I tried to use the example given in the text. This is what I get (using perl v5.6.1 built for cygwin):      printf("%.2f", 9.333333);

This prints "9.33". Actually, this is what I expect, but the article says it should be 9.34.

If I try the following:      printf("%.1f", 9.55);

I get 9.6, which is OK, but if I try      printf("%.1f", 43.55);

I get 43.5, which is rounded the wrong way.

Can someone explain this? (Please send me an email (

Replies are listed 'Best First'.
Re: Re: Using (s)printf()
by Hofmator (Curate) on Aug 31, 2001 at 16:20 UTC

    • The first one (9.3333 -> 9.34) is a typo in the original.
    • The second and third one are easily explained by the following
      printf("%.15f", 9.55); # prints 9.550000000000001 printf("%.15f", 43.55); # prints 43.549999999999997
      This means that due to the limitations of the internal representation, the literal 9.55 is in fact 9.550000000000001 which rounds to 9.56. The same goes for 43.55 but there the representation is slightly smaller than 43.55 so a rounding down occurs.

    -- Hofmator

      Actually, this isn't quite the whole story.
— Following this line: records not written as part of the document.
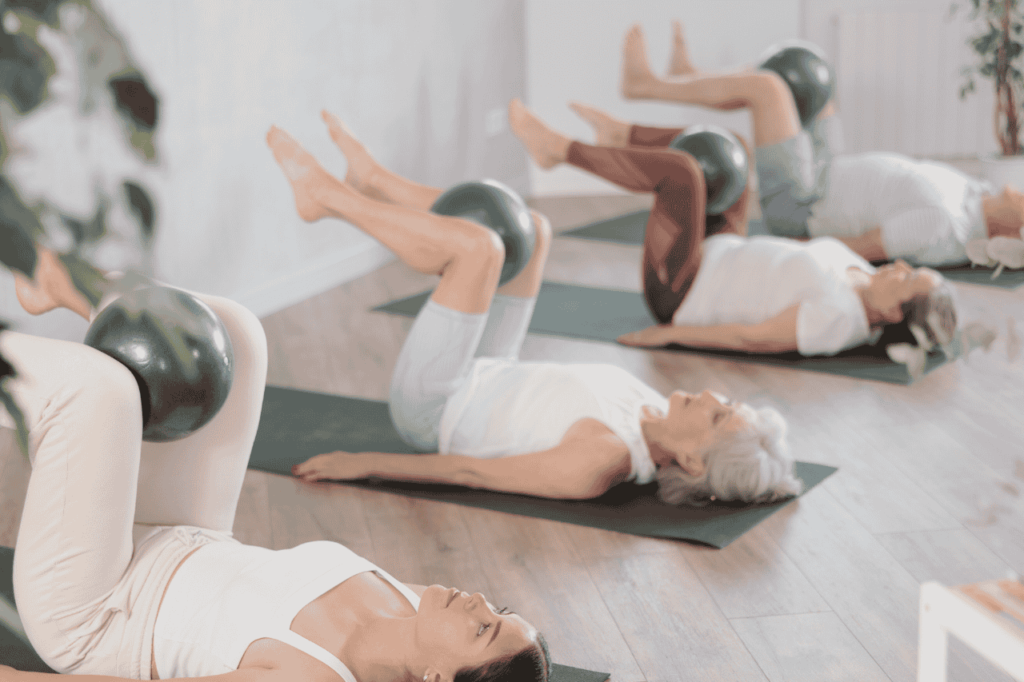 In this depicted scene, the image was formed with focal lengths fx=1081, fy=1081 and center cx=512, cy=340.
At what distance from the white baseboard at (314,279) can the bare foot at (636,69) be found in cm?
135

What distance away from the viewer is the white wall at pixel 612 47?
6746 mm

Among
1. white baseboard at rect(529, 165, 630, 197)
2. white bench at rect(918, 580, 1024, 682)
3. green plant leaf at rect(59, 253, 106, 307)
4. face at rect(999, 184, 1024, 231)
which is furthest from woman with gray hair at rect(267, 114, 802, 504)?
white baseboard at rect(529, 165, 630, 197)

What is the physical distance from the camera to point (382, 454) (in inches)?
106

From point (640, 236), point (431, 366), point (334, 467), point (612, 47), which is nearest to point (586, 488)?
point (431, 366)

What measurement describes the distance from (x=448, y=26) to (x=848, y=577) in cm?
422

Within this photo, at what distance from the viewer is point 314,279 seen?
473cm

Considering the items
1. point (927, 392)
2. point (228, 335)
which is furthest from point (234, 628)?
point (927, 392)

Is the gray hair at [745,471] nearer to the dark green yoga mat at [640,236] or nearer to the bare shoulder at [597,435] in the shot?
the bare shoulder at [597,435]

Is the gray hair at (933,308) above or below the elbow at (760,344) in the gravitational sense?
above

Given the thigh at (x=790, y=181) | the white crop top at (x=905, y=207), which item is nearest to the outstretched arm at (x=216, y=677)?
the white crop top at (x=905, y=207)

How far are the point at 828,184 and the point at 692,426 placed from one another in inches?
108

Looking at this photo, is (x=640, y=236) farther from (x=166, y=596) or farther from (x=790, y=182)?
(x=166, y=596)

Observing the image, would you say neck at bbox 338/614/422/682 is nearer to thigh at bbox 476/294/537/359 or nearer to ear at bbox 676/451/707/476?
ear at bbox 676/451/707/476

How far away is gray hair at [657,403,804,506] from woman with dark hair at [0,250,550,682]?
96 cm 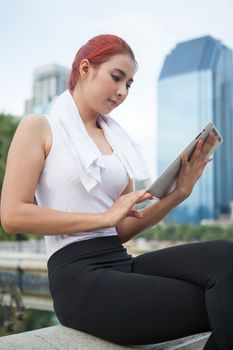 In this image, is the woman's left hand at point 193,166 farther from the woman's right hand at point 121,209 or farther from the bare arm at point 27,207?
the bare arm at point 27,207

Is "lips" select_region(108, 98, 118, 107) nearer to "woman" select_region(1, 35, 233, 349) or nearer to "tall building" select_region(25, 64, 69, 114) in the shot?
"woman" select_region(1, 35, 233, 349)

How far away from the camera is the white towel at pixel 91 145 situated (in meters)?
1.41

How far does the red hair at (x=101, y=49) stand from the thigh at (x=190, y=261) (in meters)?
0.65

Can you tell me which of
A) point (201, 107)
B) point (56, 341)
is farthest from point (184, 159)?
point (201, 107)

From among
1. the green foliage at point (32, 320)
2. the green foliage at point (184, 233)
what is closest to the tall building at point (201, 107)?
the green foliage at point (184, 233)

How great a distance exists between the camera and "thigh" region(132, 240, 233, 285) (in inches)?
52.4

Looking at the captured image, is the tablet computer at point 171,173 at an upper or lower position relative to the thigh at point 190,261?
upper

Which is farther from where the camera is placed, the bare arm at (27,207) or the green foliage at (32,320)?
the green foliage at (32,320)

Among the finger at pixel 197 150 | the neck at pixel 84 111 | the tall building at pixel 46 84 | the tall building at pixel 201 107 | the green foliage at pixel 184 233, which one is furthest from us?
the tall building at pixel 46 84

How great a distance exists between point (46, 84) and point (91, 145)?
71.7 meters

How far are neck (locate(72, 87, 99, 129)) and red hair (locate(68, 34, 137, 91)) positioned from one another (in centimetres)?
6

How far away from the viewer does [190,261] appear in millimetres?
1386

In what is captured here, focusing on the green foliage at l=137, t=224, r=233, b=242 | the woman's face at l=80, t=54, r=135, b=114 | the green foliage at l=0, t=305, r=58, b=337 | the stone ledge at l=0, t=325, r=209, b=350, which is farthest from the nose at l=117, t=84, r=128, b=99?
the green foliage at l=137, t=224, r=233, b=242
Most everyone follows the IEEE convention of "round towards nearest or even."
      Examples (rounding all of these to the one's place):

      2.51 becomes 3 (this is the 'nearest' rule, which always comes first)
      2.49 becomes 2 (again, 'nearest')

      However, what happens if you have 2.50 ? Which way do you round it... 'tis no nearer to 2 than to 3. The IEEE standard says if there is a tie, round to the even number.

      2.50 becomes 2
      3.50 becomes 4

      You have to pick up or down... this method is consistent and thus tends to make your errors (statistically) smaller.

        Actually, this isn't quite the whole story. Most everyone follows the IEEE convention of "round towards nearest or even."
        I'm aware of that - but it wasn't applicable in this case. Btw, (s)printf doesn't seem to get it right:
        printf "%.15f", 0.5; # prints 0.500000000000000 printf "%.0f", 0.5; # prints 1 and should print 0
        and 0.5 can be represented exactly ...

        -- Hofmator

      Thank you for your explanation. How do I circumvent this problem? I have a little perl-program that pulls these numbers from a file and it has to round them correctly. Isn't there some way to store a number exactly?

        What if you want to chop a number but not round it? printf just *wants* to round, no option to tell it not to :(

        I needed something that would chop the extra digits (price calculataions) without rounding.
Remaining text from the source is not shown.